**Material to process:**
════════════════
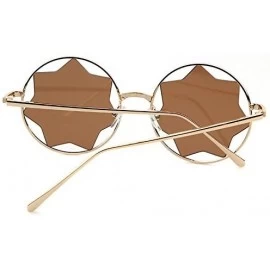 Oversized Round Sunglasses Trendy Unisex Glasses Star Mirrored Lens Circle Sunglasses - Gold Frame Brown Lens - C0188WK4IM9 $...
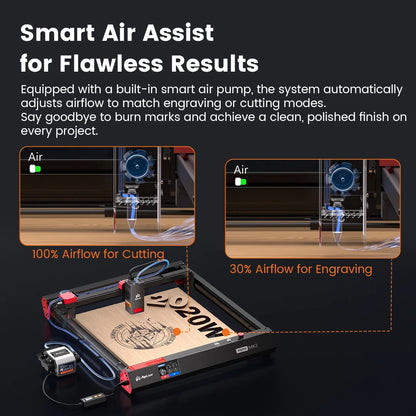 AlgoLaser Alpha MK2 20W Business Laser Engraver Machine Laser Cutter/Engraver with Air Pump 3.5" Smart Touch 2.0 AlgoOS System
════════════════
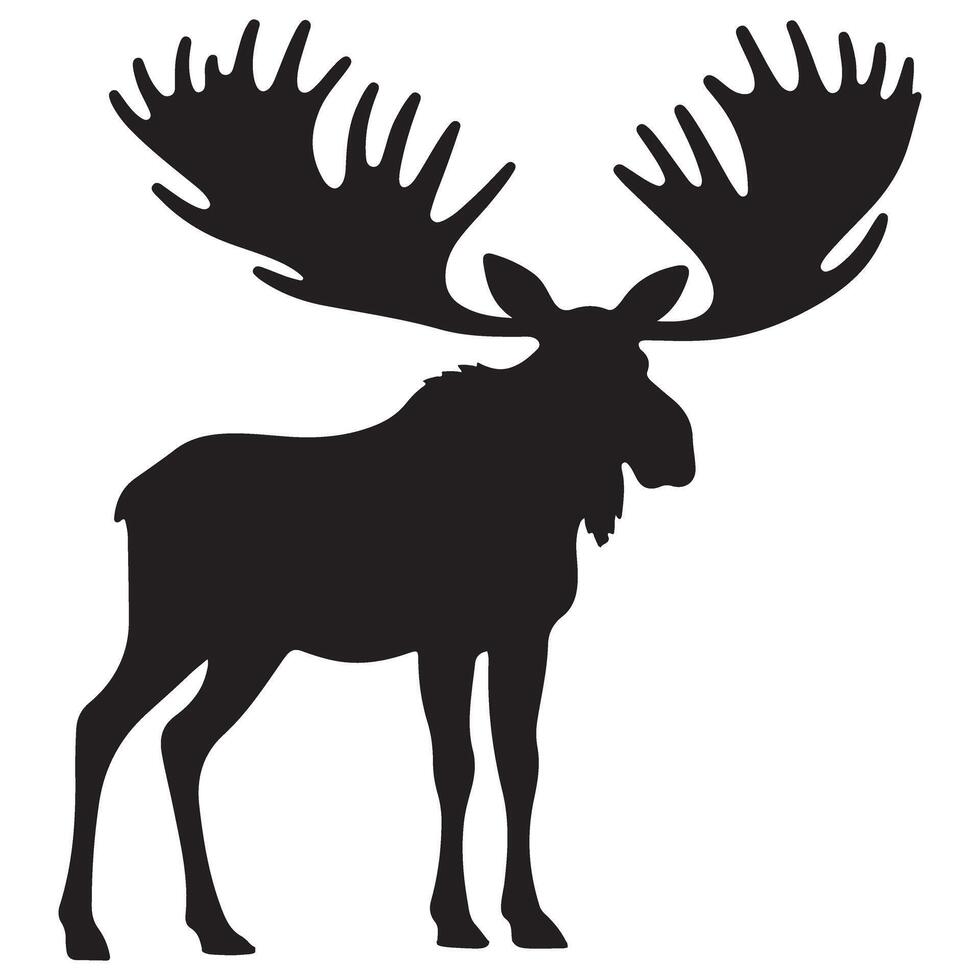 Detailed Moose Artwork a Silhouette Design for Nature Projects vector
════════════════
**Instructions for the task:** Give the lines above again exactly, from the one containing "Oversized Round Sunglasses" to the one containing "AlgoLaser Alpha MK2", both included, but leave out the pictures.

**Your solution:**
 Oversized Round Sunglasses Trendy Unisex Glasses Star Mirrored Lens Circle Sunglasses - Gold Frame Brown Lens - C0188WK4IM9 $...
 AlgoLaser Alpha MK2 20W Business Laser Engraver Machine Laser Cutter/Engraver with Air Pump 3.5" Smart Touch 2.0 AlgoOS System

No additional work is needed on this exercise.